Monday, July 23, 2007

My Shooting Stars

The city lights dwindle in the distance. The polluted white ambiance softly pulses. The sky is streaked with long fibrous clouds that diffuse the half-moon’s light and break up constellations. We’re driving down a gravel road, the clock reads ten past midnight.

My thoughts are morbid. With the darkness covering the road ahead and blanketing the road behind all I can help to think of is this investigative news report I saw when I was three. It was about some guy who hunted down a bunch of people riding around on four-wheelers with a 12-gauge shotgun. It was sort of a monumental thing for me to see. It made me fear man. I was afraid when I went to bed that night and dreamed nightmares of men in trucker hats and heavy boots running after me and my feet getting stuck in the mud when I tried to cross the river. When my parents forbid me from riding four-wheelers they told me they were dangerous. "I KNOW!" was the response in my head.
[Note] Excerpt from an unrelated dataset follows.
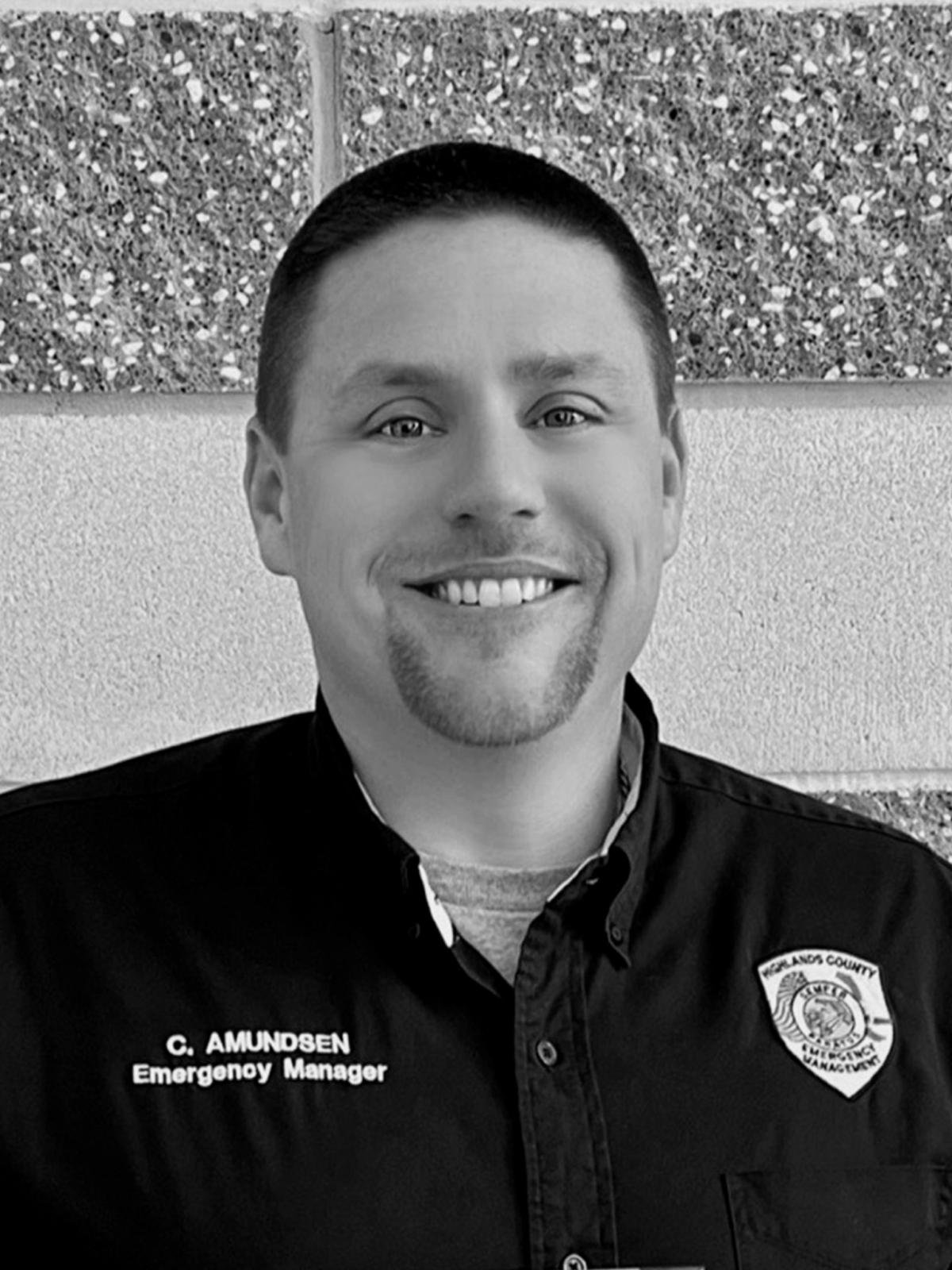 A black and white phot of a man in a a uniform with a badge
I think about how it would be horrible for a maniac to be haunting these dusty roads with a hammer and soft step. What if he got her and I got away? Drifts through my mind. Well, you’d be crushed of course, but after enough tears and Jack Daniel Cokes you might pull through. It is a stupid idea though, because any maniac would have to make his way past my lifeless body before touching her.
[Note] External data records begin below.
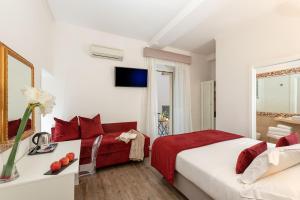 a hotel room with two beds and a tv at Hotel Navona in Rome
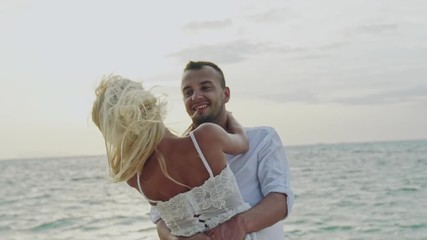 Happy loving couple hugging and twirling around - slow motion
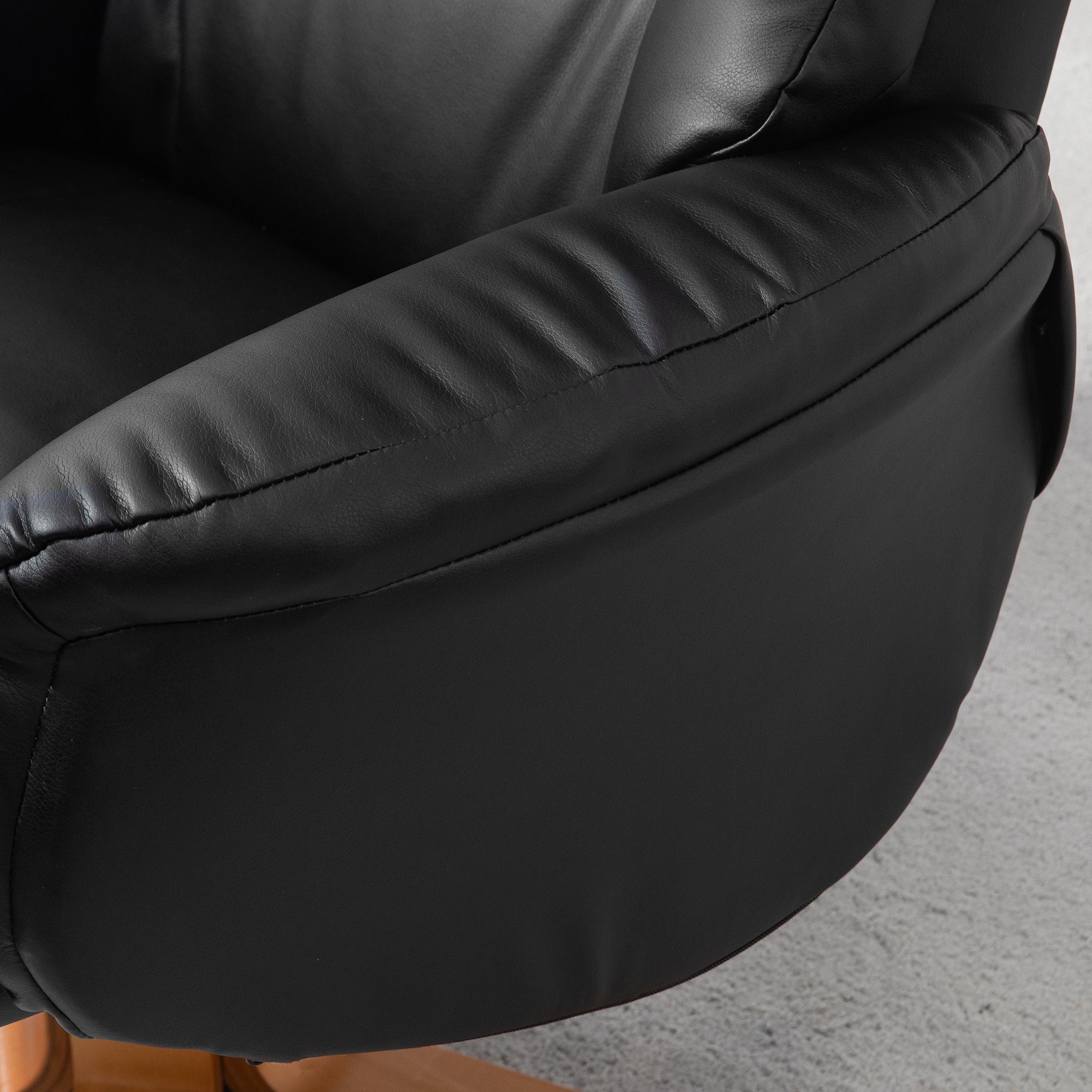 Black leather armrest with stitched detailing on homcom recliner chair with easy-to-clean pu leather and gentle rocking motion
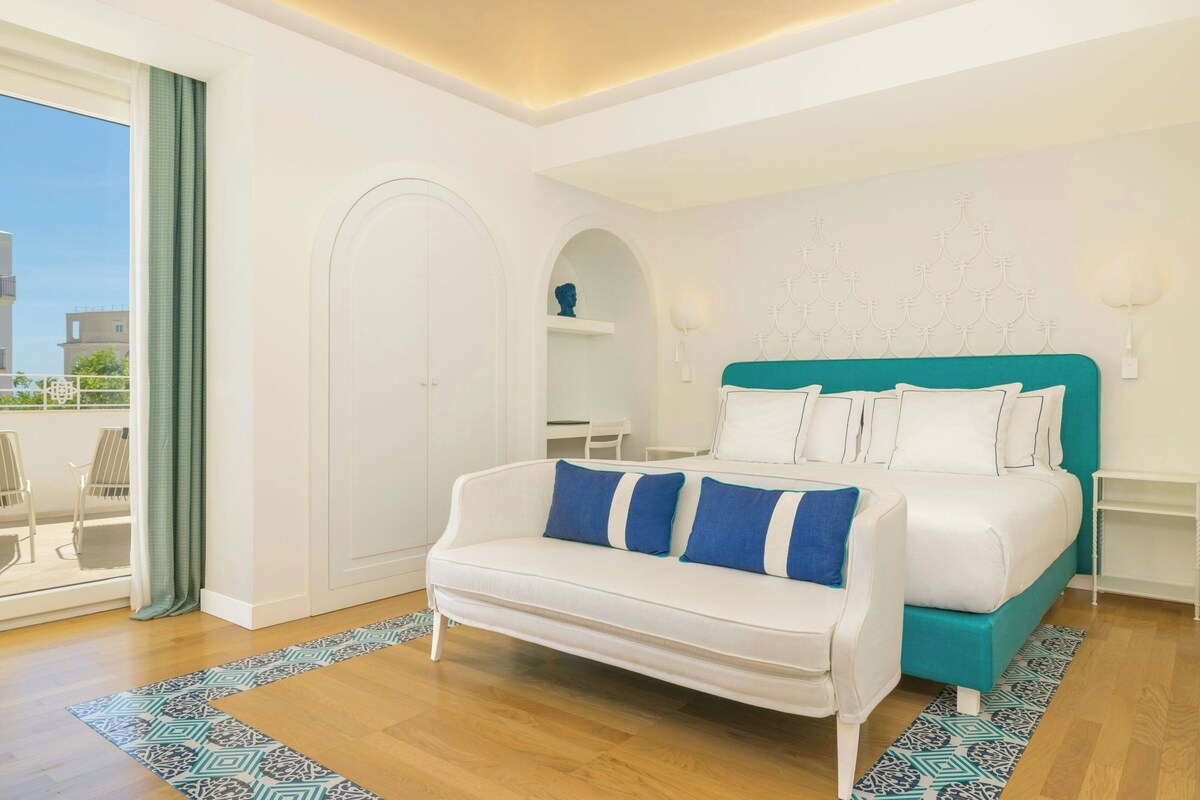 Junior suite, 1 kingsize bed, uitzicht op tuin | Luxe beddengoed, bedden met traagschuimmatrassen, een minibar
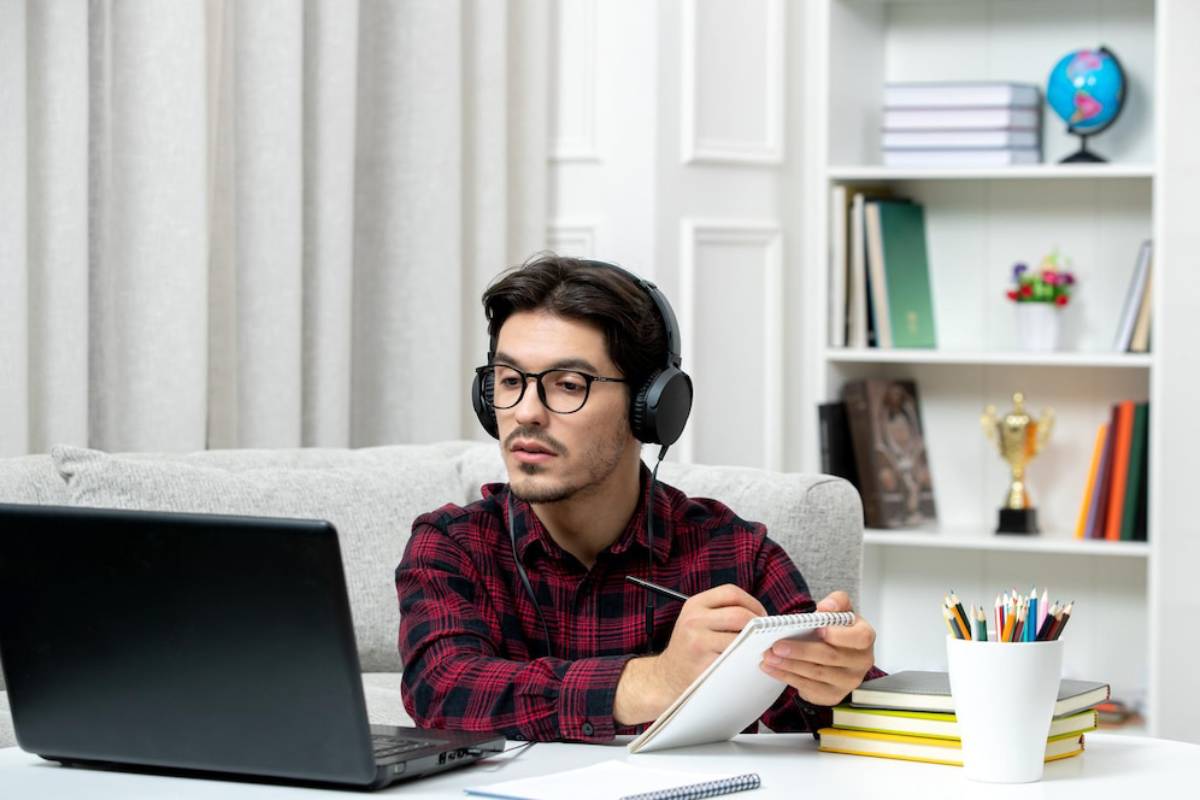  A man with headphones sits at a desk, focused on his laptop, creating a productive work environment.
I rock the steering wheel rhythmically with the road, avoiding rough patches and large rocks. There is going to be a meteor shower tonight. She was very excited when we left. But clouds blot out the stars and a cold heartless wind blows down hope.
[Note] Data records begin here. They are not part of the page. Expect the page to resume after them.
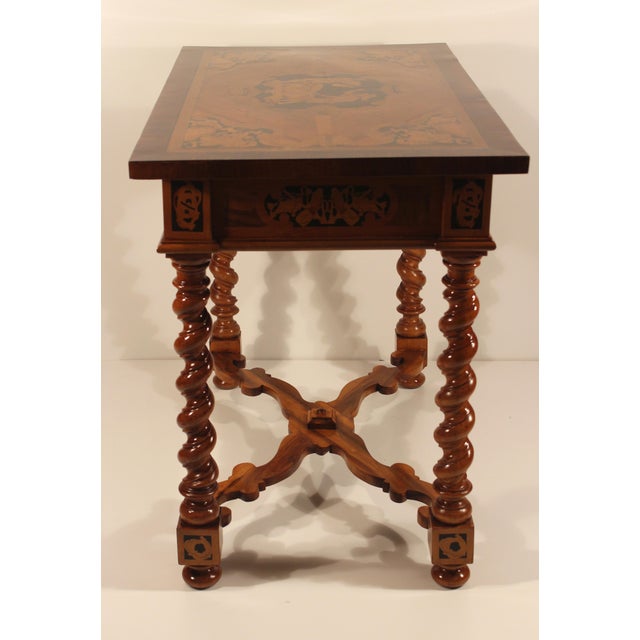 Unique table with exquisite marquetry in cherrywood, kingwood, walnut and elm. The marquetry depicts presentations of...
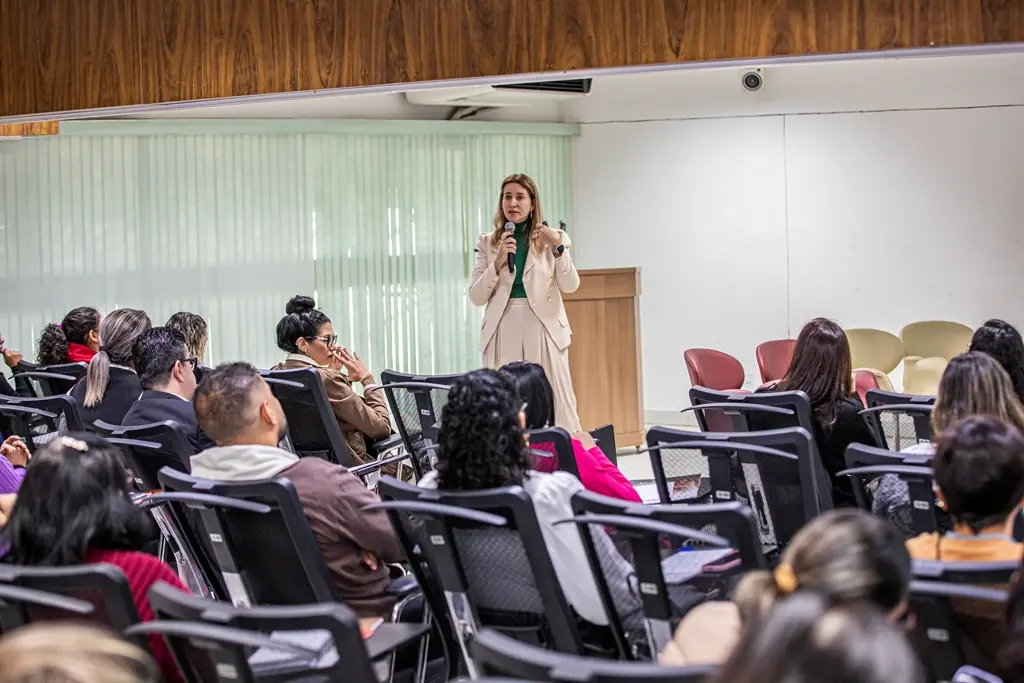 Mulher loira em palco discursa com microfone, vestindo blazer creme e blusa verde. Audiência atenta em cadeiras escuras, com costas visíveis. O ambiente possui paredes de madeira e painel branco com cortinas e luminárias.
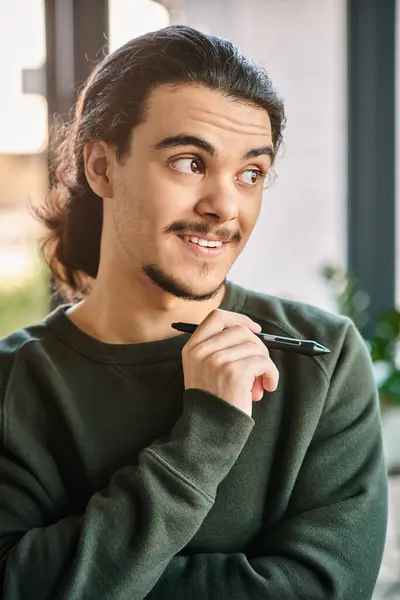 Junge Berufstätige stehen mit Stift und lächeln im Postproduktionsraum, Mann in den 20er Jahren — Stockfoto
Fact: Seung-Hui Cho killed 32 people on the Virginia Tech campus.
Fact: Seung-Hui Cho majored in English.
Fact: Seung-Hui Cho was South Korean

My roommate asked me if needed to worry about me the other day. Sounded a little insensitive to me. Just a logical progression of thought for him.

The road dips low, she breathes in softly, but audibly. Down. Down. Down. I wonder and marvel at the differences that make people good and others killers. I struggle with attachment, or detachment. I constantly try to drive the people I love away. And maybe it has something to do about being an orphan, and being abandoned by the people who are supposed to love you the most.

Sometimes she cries when I say things I should not because I’m feeling things I should not. I suffer silence with guilt; wondering why we say things we know we should not.

My parents say I grew up before I came to America. At 18 months I set foot in America, out ate my parents at a Thanksgiving dinner, and learned my first American word on the car ride home from the airport. By four I spoke in complete sentences, addressed my parent’s church on several occasions, and made an excellent wise man from “orient are” one year and shepherd the next in the Christmas pageant (I always volunteered to be Joseph and never understood why I never was). By six I buried a younger brother, cursed God’s name, became an older brother again, and read half of The Boxcar Children series on my own.

I’m searching. I know this spot where sand meets water and monarchs come in the fall migration to kiss the sand in long sips and will sponge salt off your skin if you stay still. But it’s night. And the gravel road is dark and long, but we drive; until turned away by a no trespassing sign and I admit we’re lost. I pull off the road onto a plateau were the grass has been blown flat by the sweeping winds. We lie on the car and stare at the sky looking for shooting stars behind threads of wispy clouds.

I laughed the other day at silly smiling girl in a tampon commercial. I laughed at capitalism and lies of marketing departments. I bet that commercial was shot mid-month.

My roommates tell me that I’m not that Asian. And I think I’ve finally realized what it is. I don’t adhere to the stereotype of Asian ethnicity that popular culture has ingrained in their minds. But my hair is dark, my eyes are slanted, my skin is smooth; I eat with chopsticks, cook rice and noodles daily, and watch Korean soaps. I’m stuck between feeling grateful that they’ve learned to look at me beyond a stereotype, and lightly offended because I am proud of who I am.

She shivers. The night is cool and I wrap an arm around her. She can’t stop shaking. I wish we could see shooting stars.